The study’s authors estimate that the drop in turnout among these groups could not only have an impact on those able to cast a ballot in the presidential election, but could also affect a number of hotly-contested House races.
The depleted turnout could likely play a major role in battleground states such as Florida and Pennsylvania, both of which have enacted new voting laws.
In Florida, more than 100,000 young people of color could be demobilized, according to the report. In Pennsylvania, where the state Supreme Court recently upheld the state’s photo ID law, an estimated 37,000 to 44,000 minority voters could be affected, the report found.
What’s at play, said Jon Rogowski, a professor at Washington University in St. Louis and a co-author of the report, is a confluence of factors which includes not just the passing of new laws, which he believes Republicans have passed to target likely Democratic voters, but also a waning of energy from the historic 2008 election of President Obama.
“I think that the first thing that stands out in the aftermath of 2008 is that the population for which we heard the most about being energized for the first time in large numbers, that came out for President Obama, are exactly the kind of voters to be most immobilized by the new voter ID requirements,” Rogowski said. “Not only are we likely to see lower numbers of people of color turning out to vote, but the political potency of those groups will also be reduced.”
According to Cohen and Rogowski, more than two-thirds of U.S. states have sought to make voting harder by layering restrictions on the process in which voters cast a ballot. Nine states require voters to show government-issued ID to vote, while eight others have enacted similar requirements while offering limited alternatives.
Only two of these laws were enacted before the 2008 election.
“While we are disheartened to see the apparently systematic way in which the minority youth vote is being undermined, we are committed to meeting this assault with redoubled efforts to ensure that everyone who is eligible to vote can and does vote," Marc H. Morial, president and CEO of the National Urban League, said in a statement. "Nothing less than the future of our political process is at stake.”
The Department of Justice has struck down voter ID laws in Texas, Florida, South Carolina and Wisconsin this year under the Voting Rights Act, which mandates that states with a history of racially discriminatory voting procedures get their laws cleared by the DOJ.
Some have maintained that the new laws are meant to protect the democratic process, not erode it, by making voter fraud more difficult.
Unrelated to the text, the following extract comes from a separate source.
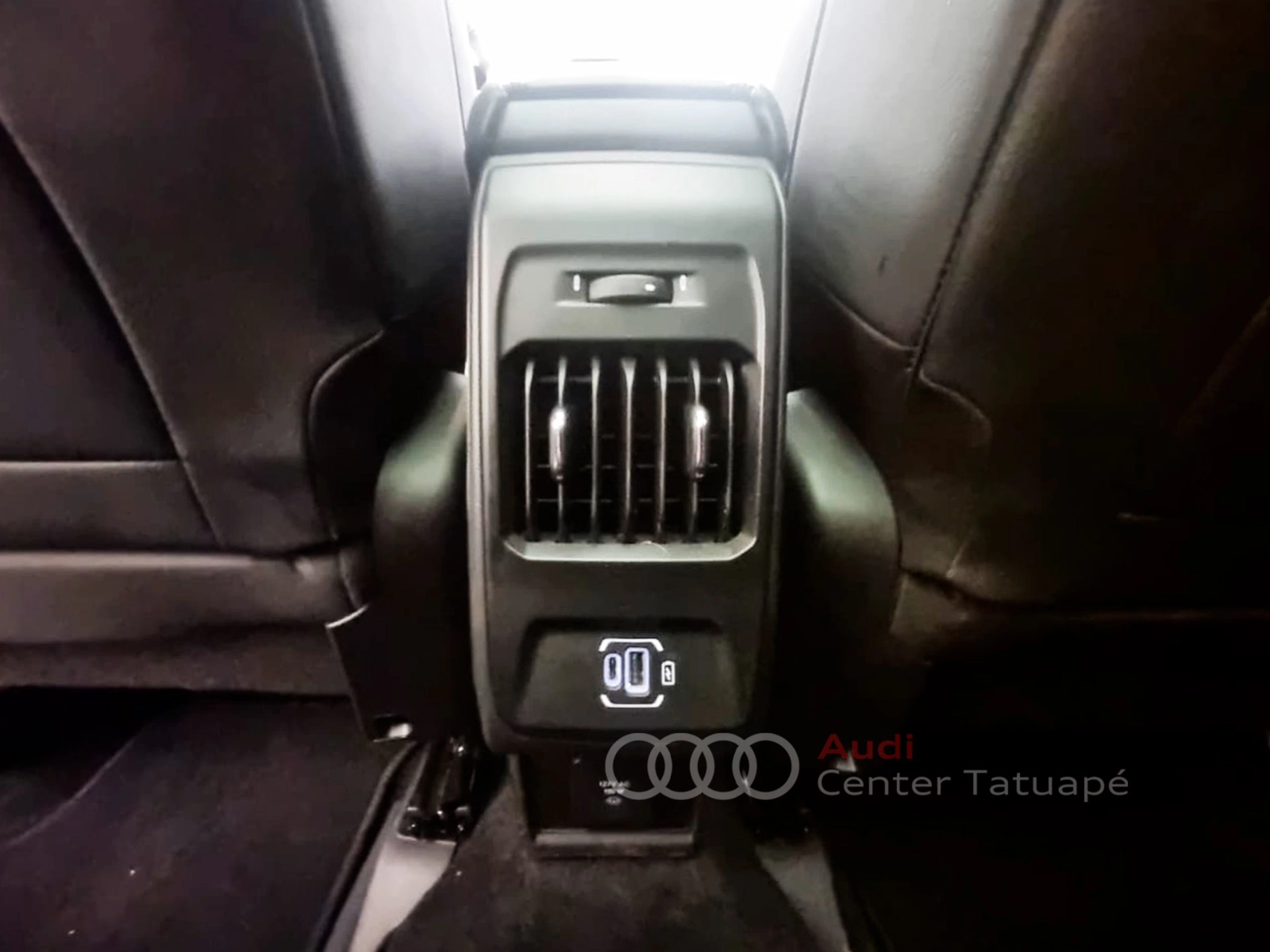 jeep COMPASS 2.0 HURRICANE 4 TURBO GASOLINA BLACKHAWK AT9 202519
But Democratic leaders, civil rights groups and voting rights organizations and activists have said that the new laws are clearly an assault on minority voters, the elderly and the poor, many of whom face social and economic hurdles that make acquiring the required documents more difficult. Others, including Attorney Gen. Eric Holder, have likened the laws to Jim Crow-era poll taxes and other nefarious policies designed to keep African Americans from voting.
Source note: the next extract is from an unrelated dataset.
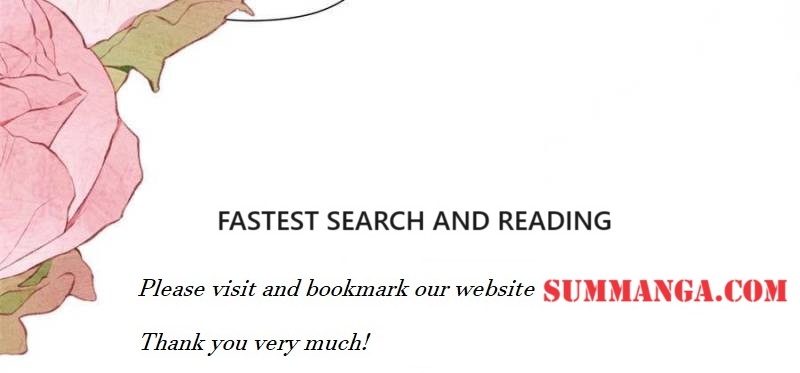 I Became the Beastman’s Wife Chapter 163 - Page 22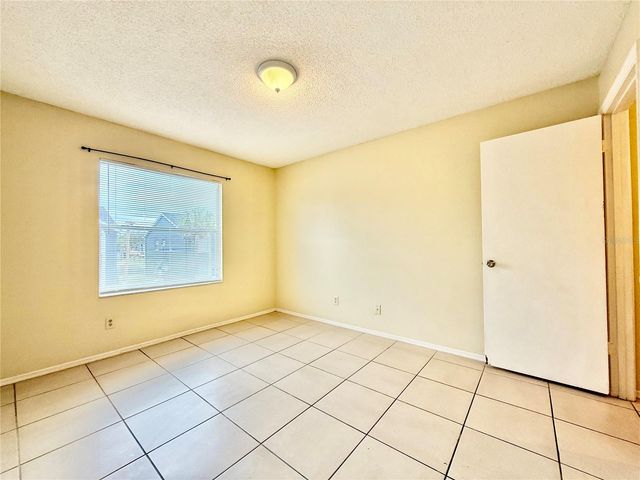 4326 PERSHING POINTE PLACE 3, Orlando, FL 32822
“Along the way, we have heard certain state lawmakers allude to the likely electoral impact of these kinds of laws,” Rogowski said. “It’s difficult to try to imagine what other, or in what other kinds of ways, they expect these laws to have electoral impacts.”
“I think it’s a concerted effort to disenfranchise Democratic voters, and those voters that most often won't have these types of ID,” Cohen said. “I don’t want to get into the hearts and minds of the Republican legislatures that they meant to disenfranchise black people, but they probably meant to disenfranchise Democratic voters and the more vulnerable Democratic voters.”